La Biennale di Venezia - 55. Exposizione Internazionale d'Arte

En ce très chaud mardi d'été, il est plutôt conseillé de s'abriter. Les Giardini ont l'avantage d'offrir des spots ombragés et aussi d'accueillir les pavillons historiques de la Biennale d'art contemporain de Venise. Impossible bien entendu d'être exhaustif à son sujet. 88 pays participent à l'événement. Au delà des Giardini, on retrouve des artistes autour de l'Arsenale et un peu partout dans la ville. La sélection suivante est 100% subjective. Pas de mots sur l'Angola qui a gagné le Lion d'or du meilleur pavillon national de cette édition 2013 mais retour en images sur des coups de cœur. Commençons par le plus accueillant : celui de la Grande Bretagne of course.C'est au jeune artiste Jeremy Deller que l'on a confié le pavillon. En face de nous, un aigle géant agrippe une pauvre voiture. 

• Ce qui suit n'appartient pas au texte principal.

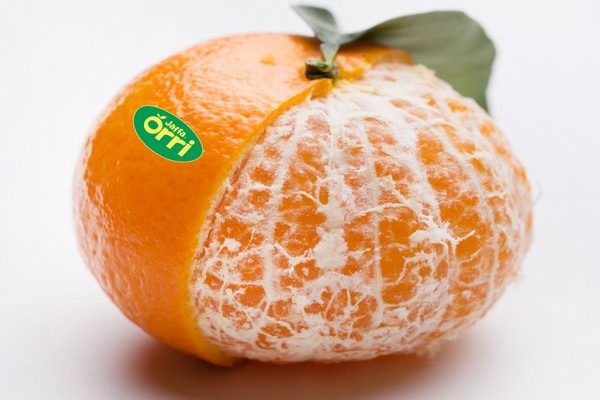 Orri Jaffa 2024 mandarin season has started with big demand in Europe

A gauche dans l'entrée, les visiteurs peuvent repartir avec la bête, imprimée au tampon encreur sur un carton A4 avec le nom de l’œuvre en bas : A Good Day For Cyclists. British Humour aurait pu être le titre de l'exposition si Deller n'avait choisi English Magic. C'est aussi le pays du rock n' roll et, passé l'aigle, on se retrouve face à une carte de la Grande Bretagne parcourue de traits rouges. Ils retracent l'itinéraire de la tournée de David Bowie en 72-73. Tout autour de la salle, ont été exposées des photos prises sur le leg britannique du Ziggy Stardust Tour. Et pour confirmer la grande convivialité de ce pavillon, un merchandising spécifique est disponible et on vous offre même le thé. So British !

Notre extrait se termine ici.